> _ACTIVITY_
Within the records that follow, restate exactly the lines from the line with "Kids that are" down to the line with "In this video", including both. Omit the pictures.
─── MATERIAL PROVIDED ───
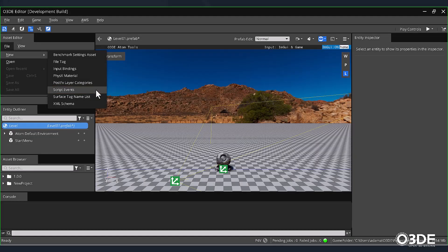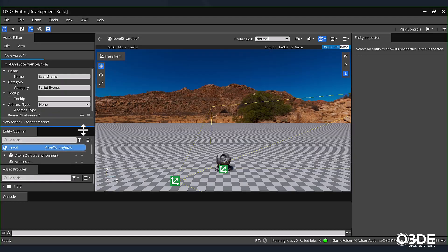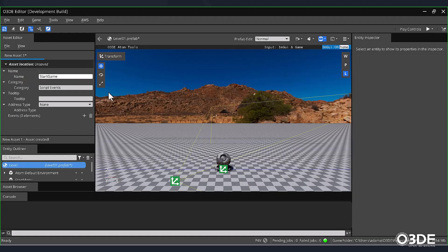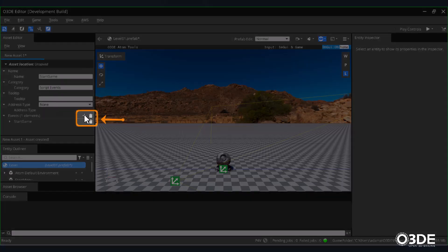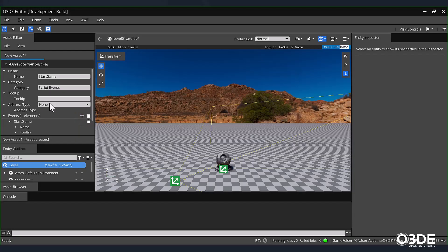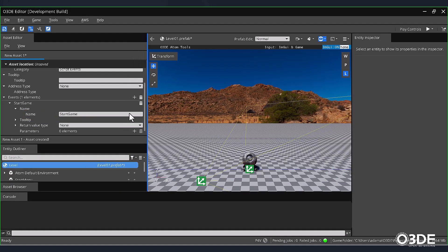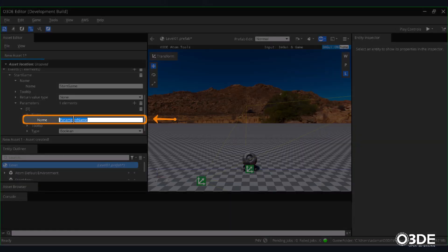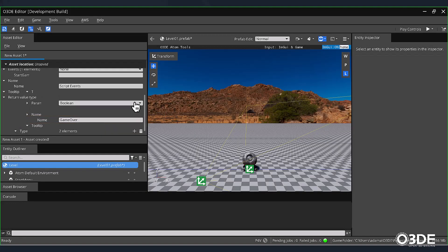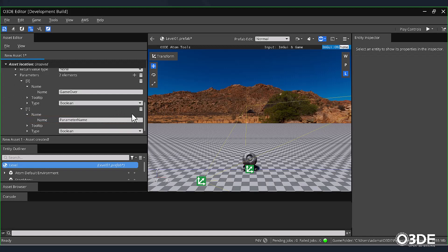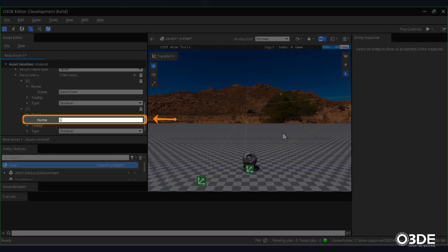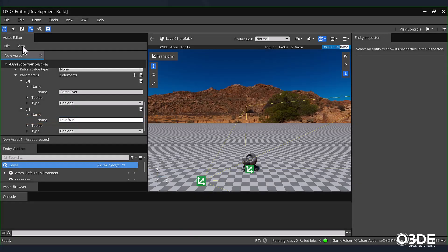Then from its sub-menu, select Script Events. In the Name field, enter Start Game. Then let's create our events by clicking on the plus symbol next to the Event sub-option. Once created, click the drop-down arrow next to the Start Game event, and in its Name field, enter Start Game. Below it, locate the Additional Parameter field and click its plus symbol, and again expand its Name field and enter the text Game Over. Let's add one last parameter by again clicking the plus symbol next to Parameter, and in its field, enter Level Win. Save your script event as Start Game.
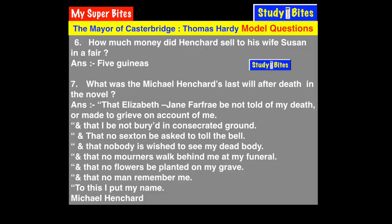Question 7: What was Michael Henchard's last will after his death in the novel? Let me explain the points of his will.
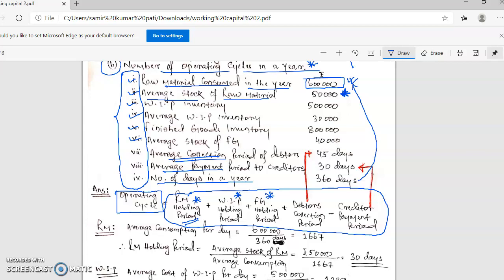If in the whole year 6,00,000 of raw material is consumed, and a year equals 360 days, then if I divide 6,00,000 by 360, I get the raw material consumption per day. So the average consumption per day comes out to 1,667 — this is the consumption of raw material on an average per day.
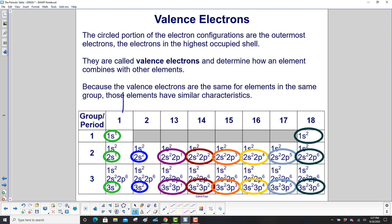Looking at the first group, the highest occupied shell is 1 for hydrogen, 2 for the next element, and 3 for the next. All the ovals circle a number that matches the period. These are called the valence electrons, and they determine how an element combines with other elements. Because the valence electrons are the same for elements in the same group, those elements have similar characteristics.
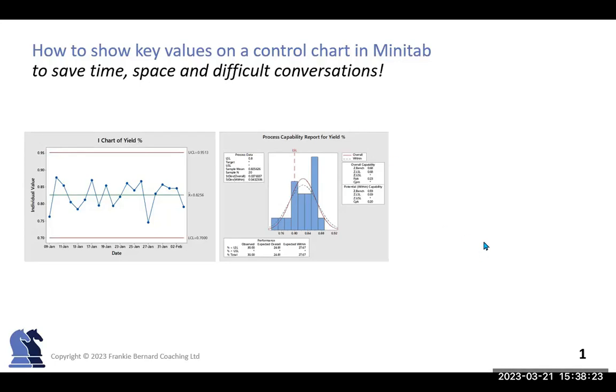Hello, and welcome to another session on how to make the most of Minitab. Today, we'll look at how we can combine the information typically available in a variety of graphs, such as the control chart and the process capability report, into a single graph to make your life easier.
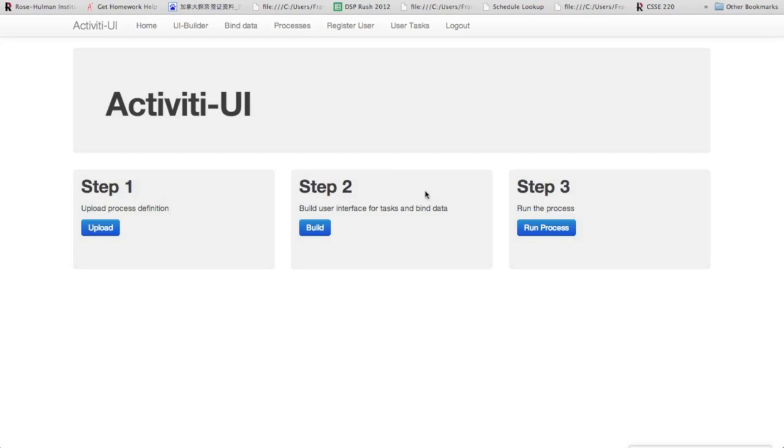Now to see what this looks like when it's run, check out our next video, the end user overview. Thank you.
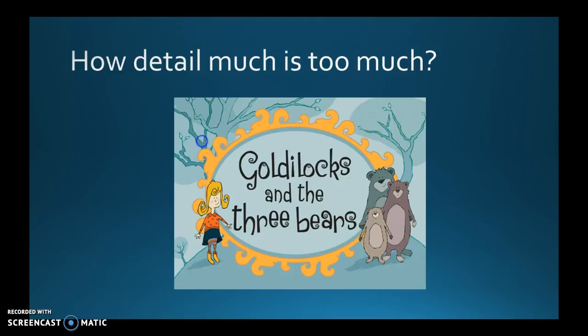Now, how much detail is too much? Again, it depends on your audience. Think of Goldilocks and the Three Bears: the porridge was too hot, too cold, or just right; the bed was too soft, too hard, or just right. The amount of detail you want to use is just the right amount. That comes with practice and understanding your audience.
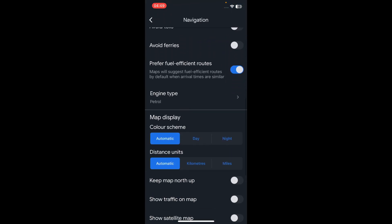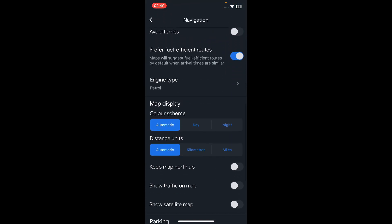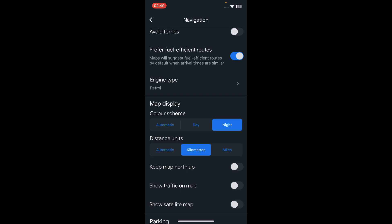You will see map display and distance units — you can select kilometers if you want, and you can select the color scheme here too. So the only way to enable it is by adding a destination.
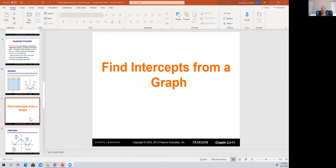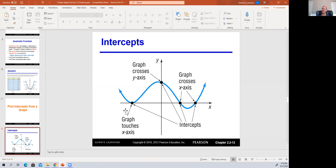To start, I'd like to discuss the idea of intercepts and finding intercepts on a graph. This concept is super important: if the graph touches or crosses one of the axes, that's what we consider an intercept. If it crosses or touches the x-axis — you can see we have three of them here — those are called x-intercepts. When it crosses or touches the y-axis, that's called a y-intercept.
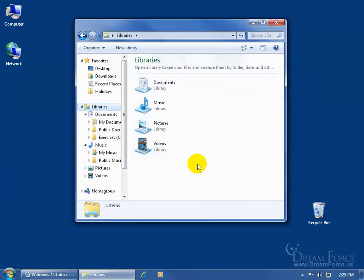One final note: you can actually include folders that are on the Home Group Network, which is something new to Windows 7 that will be covered in the Windows 7 Level 2 training videos. If other people on a network have documents relevant to you, you can pull those specific folders into your libraries without having to navigate through the entire network every time.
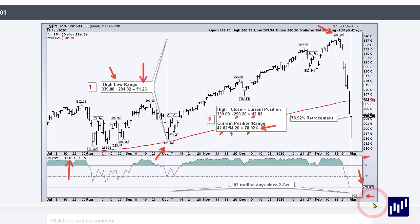Larry Williams took that number and multiplied it by minus 100, which is why Williams Percent R ranges from zero to minus 100. When you have this indicator, you can put it in a scan and look for stocks and ETFs with values around minus 60%, meaning they retraced around 61.8% and held up much better than SPY. Those are the names we'd be interested in — ones that held up better on this decline.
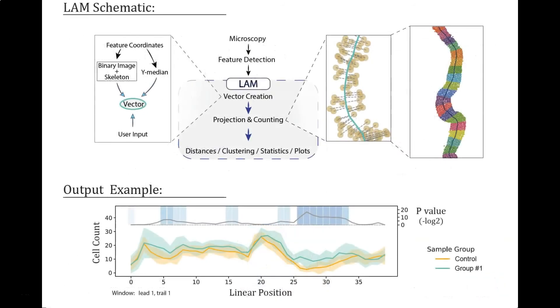LAM is a tool for analysis and quantification of objects that have been detected from microscopy images of the Drosophila intestine, specifically the midgut.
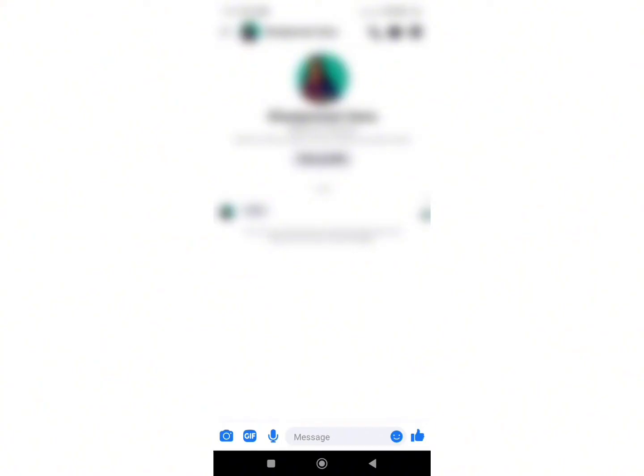There you have it. This is how easily you can accept message request without replying. I hope this video helps you. Don't forget to drop a like and subscribe to my channel. We'll meet you in the next video. Till then, stay tuned. Bye-bye.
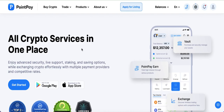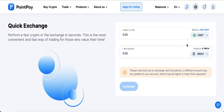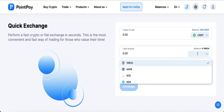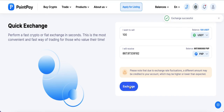On the Point Pay website, go to Trade then select Quick Exchange. Here, select USDT — it's already been selected — then select PXP, type in the amount, so let's say $100, and then simply press Exchange.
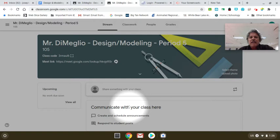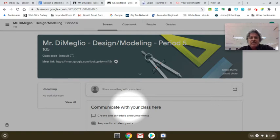Kids that are in my classroom at the school, you do not need to join the Google Meet.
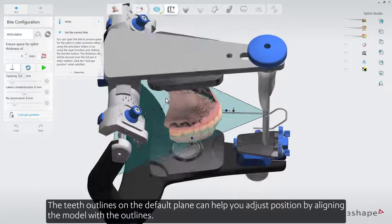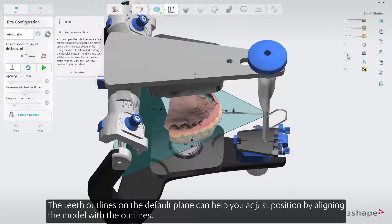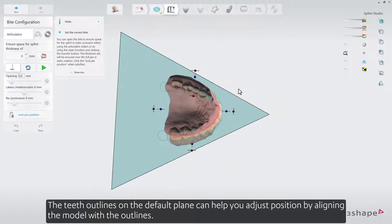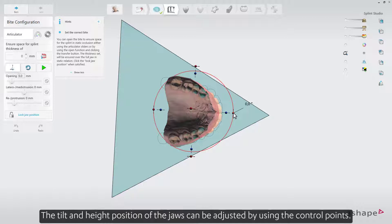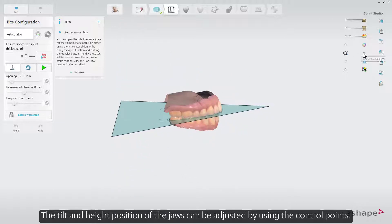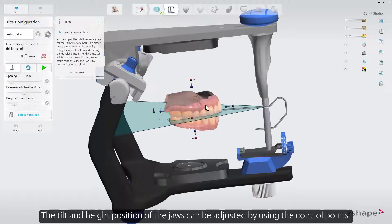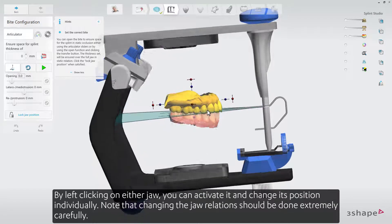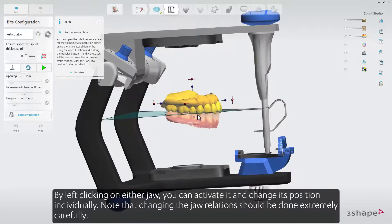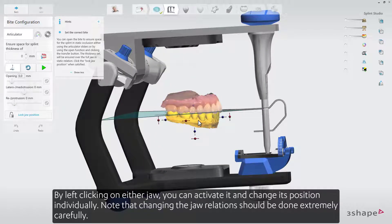The teeth outlines on the default plane can help you adjust position by aligning the model with the outlines. The tilt and height position of the jaws can be adjusted by using the control points. By left-clicking on either jaw, you can activate it and change its position individually.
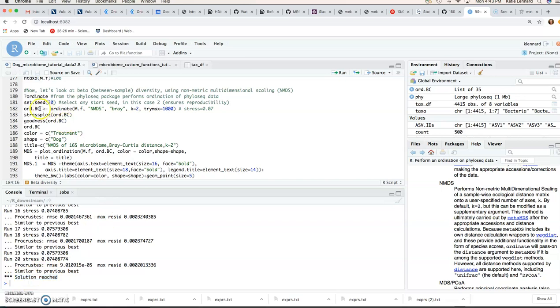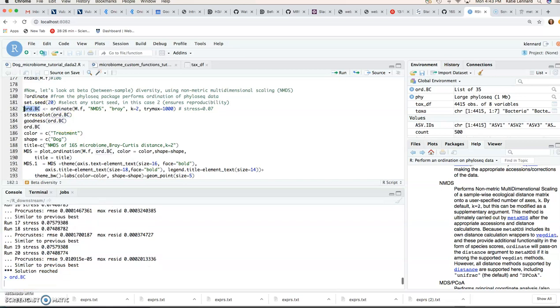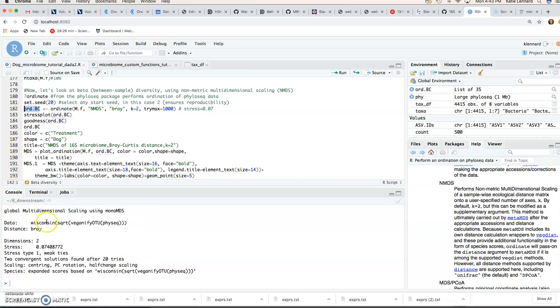So if we have a look at that object, you can see we've got two dimensions. So we specified K is equal 2, distance is Bray-Curtis, and our stress is 0.07. So that's fine. We discussed up to 0.1 as a fair stress to work with.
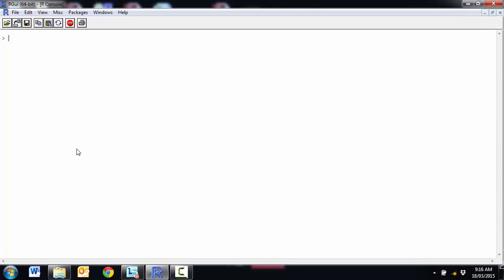In this video we're going to look at how to do t-tests in R. So all of our t-tests get done using the function t.test. We'll have a look at the one sample and the two sample independent samples and the paired samples t-test.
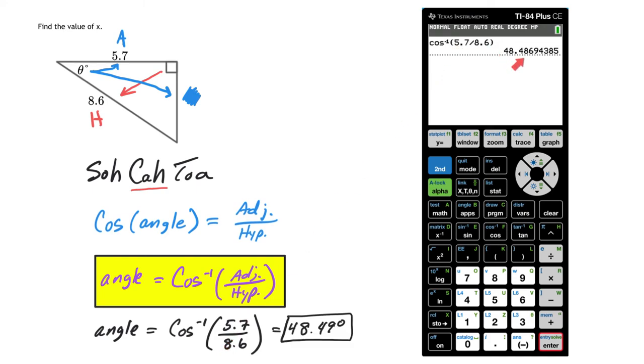That's basically all you have to do to find missing angles. Again, using the second button, and then these three functions to find the missing angle, depending on what ratio that you're given. Hopefully this video helps, and good luck.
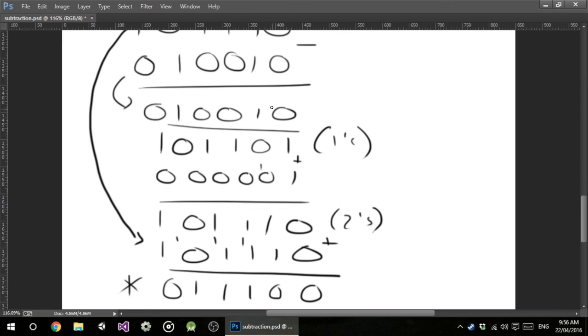I hope that works for subtraction, guys. I hope you learned something. In the next video, we're going to look at multiplication. See you then.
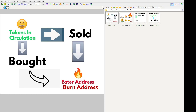All right, hello guys. I said I was gonna do a video about burning tokens and the liquidity pool — I told somebody in the comment section I was gonna explain it. So this is gonna be the video explaining burning tokens, eater address or burn address, and liquidity pools: what are the benefits of both and which one is probably better, or if both of them are just kind of the same.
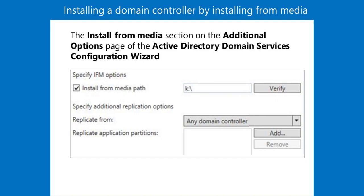If you have a network connection between sites that is slow, unreliable, or costly, you might find it necessary to add another domain controller at a remote location or branch office.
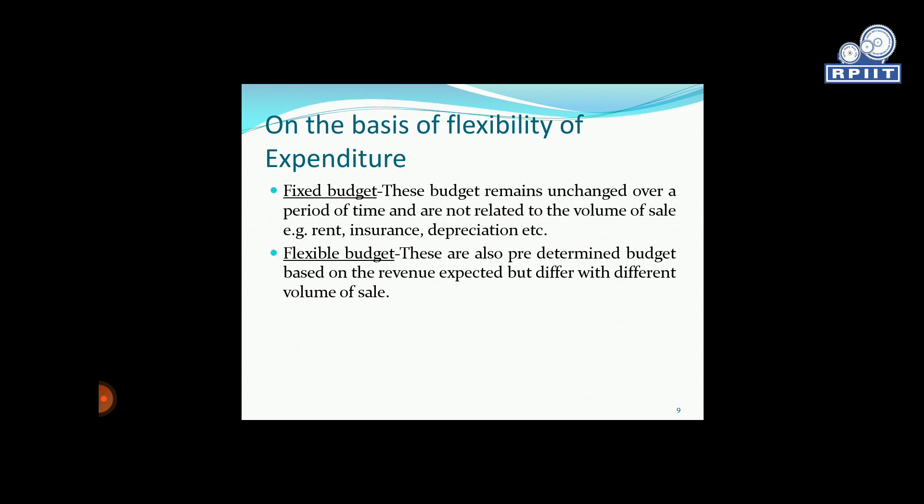On the basis of flexibility of expenditure, the first type is fixed budget. These budgets remain unchanged over a period of time and are not related to the volume of sales. For example, rent, insurance, depreciation, etc. This is our fixed budget — for instance, paying 10,000 rupees every month as rent for a building. That is a fixed cost under the fixed budget.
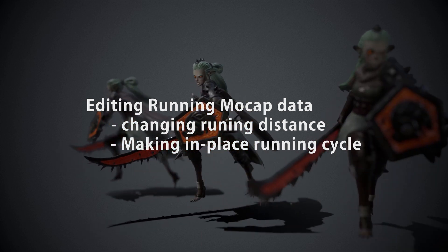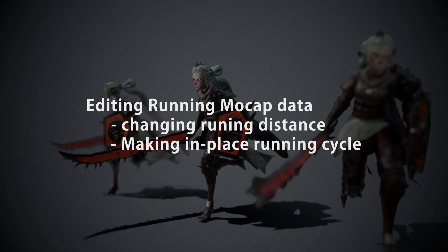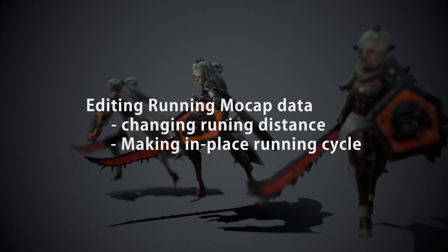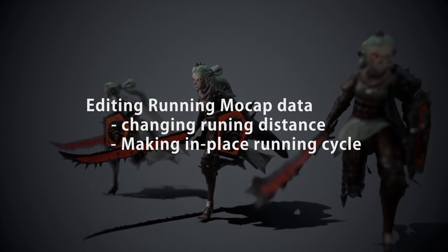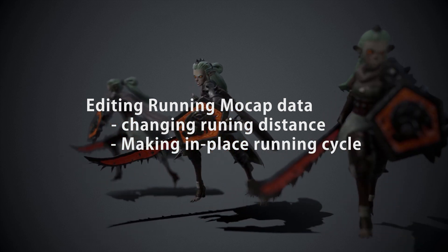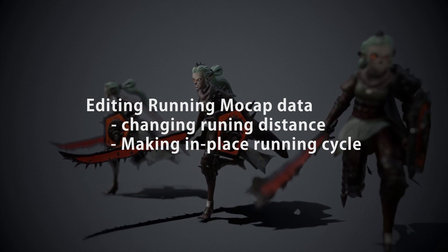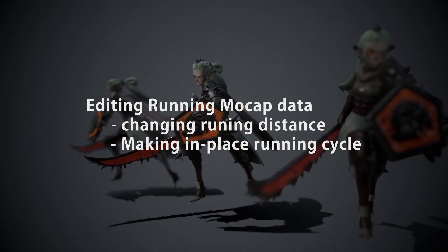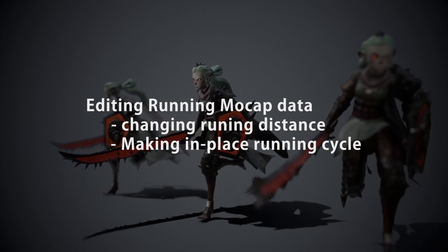In this part, I will show you how I changed running distance and I will explain how to make in-place running cycle, which will help us when we push this running motion.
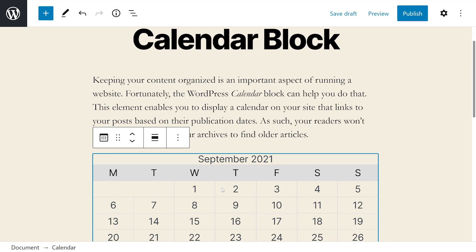Each WordPress Block comes with its own collection of controls and settings. Let's take a closer look at what the Calendar Block has to offer. So as you can see, once we added the block, a toolbar appeared at the top, and this has three main options. If you're not seeing this, be sure to click on the block.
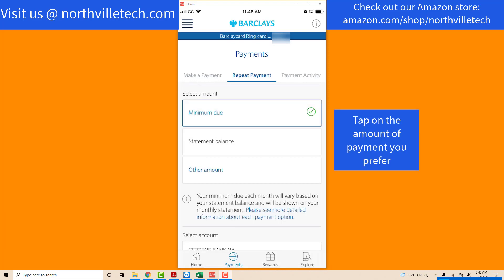Now you will select the amount of payment that you prefer — whether the minimum due, statement balance, or other amount. In this example, we are selecting the minimum due. Tap on the amount of payment you wish to select.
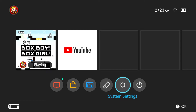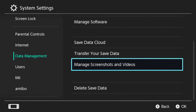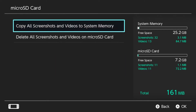The first thing you're going to want to do is head to your Settings. Once there, scroll down to Data Management. You are then going to select Manage Screenshots and Videos. Now select Micro SD Card.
───
> _REPLY_
Kids that are in my classroom at the school, you do not need to join the Google Meet.
The teeth outlines on the default plane can help you adjust position by aligning the model with the outlines. The tilt and height position of the jaws can be adjusted by using the control points. By left-clicking on either jaw, you can activate it and change its position individually.
So if we have a look at that object, you can see we've got two dimensions. So we specified K is equal 2, distance is Bray-Curtis, and our stress is 0.07. So that's fine. We discussed up to 0.1 as a fair stress to work with.
In this video we're going to look at how to do t-tests in R. So all of our t-tests get done using the function t.test. We'll have a look at the one sample and the two sample independent samples and the paired samples t-test.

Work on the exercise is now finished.